The unplanned interaction

Susanne Ditlevsen expects that the meeting between researchers from different disciplines will make everyone think in new ways. She also feels certain that they will come up with unexpected results and develop new methods and thus meet the intentions of the University Strategy 2016.

- It is implicit in basic research that you do not know what you will find. You can choose to go for the safe target, for that which is close to what we already know, but if things are really going to move forward you have to take chances. So we can only talk about what we believe or expect to find, we cannot know for sure - and new research questions may also arise from this interaction, Susanne Ditlevsen emphasizes and elaborates:

- Even such a small thing as one of the researchers from Psychology having just borrowed a guest office here at the Mathematical Institute for a week is really important for the exchange of ideas. It is when we eat lunch together, drink a Friday beer or take a walk in the woods together that the unexpected occurs. It is the daily and unplanned interaction that makes us work together in the best possible way.

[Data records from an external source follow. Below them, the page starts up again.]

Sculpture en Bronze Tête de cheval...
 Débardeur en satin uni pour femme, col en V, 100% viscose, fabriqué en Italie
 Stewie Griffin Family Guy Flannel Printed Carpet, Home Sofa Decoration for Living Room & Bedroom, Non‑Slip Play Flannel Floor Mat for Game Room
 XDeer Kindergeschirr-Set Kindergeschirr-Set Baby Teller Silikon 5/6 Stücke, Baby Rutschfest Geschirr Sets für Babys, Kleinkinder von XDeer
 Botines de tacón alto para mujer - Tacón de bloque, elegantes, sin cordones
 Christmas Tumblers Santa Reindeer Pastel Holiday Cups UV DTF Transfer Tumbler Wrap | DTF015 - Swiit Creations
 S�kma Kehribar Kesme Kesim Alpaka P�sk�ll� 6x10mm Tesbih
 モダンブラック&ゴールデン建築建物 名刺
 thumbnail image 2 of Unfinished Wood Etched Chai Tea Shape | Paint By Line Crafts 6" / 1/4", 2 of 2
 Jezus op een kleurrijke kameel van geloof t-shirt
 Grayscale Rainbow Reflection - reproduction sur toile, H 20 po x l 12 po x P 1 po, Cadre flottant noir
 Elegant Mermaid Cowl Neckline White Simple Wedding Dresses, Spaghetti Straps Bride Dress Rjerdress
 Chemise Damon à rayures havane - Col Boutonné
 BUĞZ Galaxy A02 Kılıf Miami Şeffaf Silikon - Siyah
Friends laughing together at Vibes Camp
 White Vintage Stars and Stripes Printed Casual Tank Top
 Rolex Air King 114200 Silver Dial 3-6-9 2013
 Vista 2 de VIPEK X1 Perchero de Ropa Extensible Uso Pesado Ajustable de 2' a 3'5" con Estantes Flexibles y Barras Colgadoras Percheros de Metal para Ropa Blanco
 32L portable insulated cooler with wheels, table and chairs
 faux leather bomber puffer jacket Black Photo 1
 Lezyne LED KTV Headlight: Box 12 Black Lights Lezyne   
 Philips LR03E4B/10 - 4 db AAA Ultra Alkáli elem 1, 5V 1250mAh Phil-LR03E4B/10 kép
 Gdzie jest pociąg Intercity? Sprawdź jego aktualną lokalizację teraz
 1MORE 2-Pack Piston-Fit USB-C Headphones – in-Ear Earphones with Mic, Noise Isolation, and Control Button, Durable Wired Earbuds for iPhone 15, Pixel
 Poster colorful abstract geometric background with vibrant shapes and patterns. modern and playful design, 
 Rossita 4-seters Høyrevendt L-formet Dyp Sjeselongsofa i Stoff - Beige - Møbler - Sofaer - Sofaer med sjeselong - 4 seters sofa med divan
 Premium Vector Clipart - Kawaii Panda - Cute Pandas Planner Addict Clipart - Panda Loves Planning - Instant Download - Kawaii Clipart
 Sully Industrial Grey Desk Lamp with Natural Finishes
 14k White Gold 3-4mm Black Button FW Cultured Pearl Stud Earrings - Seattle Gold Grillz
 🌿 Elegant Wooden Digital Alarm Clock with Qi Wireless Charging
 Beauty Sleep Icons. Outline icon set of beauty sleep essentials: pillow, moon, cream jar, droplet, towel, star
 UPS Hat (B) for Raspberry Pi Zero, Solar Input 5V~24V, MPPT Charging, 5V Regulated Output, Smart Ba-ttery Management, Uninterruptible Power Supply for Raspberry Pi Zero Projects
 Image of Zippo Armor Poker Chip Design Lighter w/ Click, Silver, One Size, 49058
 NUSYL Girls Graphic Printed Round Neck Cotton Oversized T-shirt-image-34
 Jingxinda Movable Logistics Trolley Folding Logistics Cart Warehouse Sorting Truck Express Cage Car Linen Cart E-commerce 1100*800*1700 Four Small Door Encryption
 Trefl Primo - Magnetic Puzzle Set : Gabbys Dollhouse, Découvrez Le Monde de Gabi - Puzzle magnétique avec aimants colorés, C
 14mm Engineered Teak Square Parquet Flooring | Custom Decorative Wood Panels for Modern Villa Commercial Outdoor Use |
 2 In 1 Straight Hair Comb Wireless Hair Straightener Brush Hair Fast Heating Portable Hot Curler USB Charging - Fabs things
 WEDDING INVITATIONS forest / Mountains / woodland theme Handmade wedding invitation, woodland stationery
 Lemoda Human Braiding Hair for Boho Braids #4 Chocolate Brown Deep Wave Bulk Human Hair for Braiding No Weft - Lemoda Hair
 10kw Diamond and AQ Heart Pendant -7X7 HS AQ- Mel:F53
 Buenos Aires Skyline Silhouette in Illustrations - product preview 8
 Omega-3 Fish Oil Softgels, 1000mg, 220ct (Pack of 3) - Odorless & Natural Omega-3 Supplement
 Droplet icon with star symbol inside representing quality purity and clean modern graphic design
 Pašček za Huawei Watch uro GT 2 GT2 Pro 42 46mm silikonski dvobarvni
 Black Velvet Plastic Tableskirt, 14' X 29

As an example Susanne Ditlevsen mentions the cooperation with psychologists in the area that deals with visual cognition: Psychologists work on a basis of two assumptions to try to understand how the brain processes visual information and determines what sort of object it is faced with. One assumption is that you only have one interpretation of the object at the time, a serial view. If, for example, you have a ball in front of you, you can have the assumption that it is a ping pong ball. The next moment you might switch to believe it is a tennis ball. This assumes that you completely forget that you just now thought it looked like a ping pong ball.

The second assumption might be called a parallel view because it assumes that the brain perceives two or more possibilities at one time, but where one possibility, for instance the ping pong ball, is paramount to all others and therefore ends up being the object the brain decides upon.

- Usually we are unaware of these processes as the brain quickly decides upon an unambiguous interpretation of the visual impression, but there are situations where we can experience it. For example if you look at the type of ambiguous images that most people probably know: Pictures that at the same time are depicting a young, beautiful woman and an old, wrinkled woman, but you can only perceive one image at the time, says Susanne Ditlevsen, adding:

- Another example could be if you were in a dark forest and therefore unsure whether the object you see in the distance is a bear or a tree. Because of the uncertainty the eye switches between multiple objects, but if, for instance, the lighting conditions improve it becomes clear what you have in front of you.

- In the same way we can set up models that assume that the process operates in either the one way or the other, and when one model fits the data which the psychologists come up with, i.e. these data fit well with a particular model, we can decide that there is a certain evidence that respectively one or the other assumption is correct. Maybe we can´t exactly prove that this is the case, but at least - hopefully - make the theory probable.

How to do it in practice?

The project “Dynamical Systems” is one of 18 projects that shared in the 400 million Danish kroner from the 2016 fund for interdisciplinary research. The project involves 22 researchers from seven research groups, nine of which are method-people (five from Mathematics and four from Biostatistics). The money will mostly pay for PhD and post-doc positions, all to be associated with at least two research groups.

Leading up to the final conference in 2017 both workshops and national and international conferences will be held, but how will such an interdisciplinary cooperation actually take place in practice - except for eating lunch together or having a Friday beer every now and then?

Normally the scientists don´t work together on a daily basis or speak the same professional language...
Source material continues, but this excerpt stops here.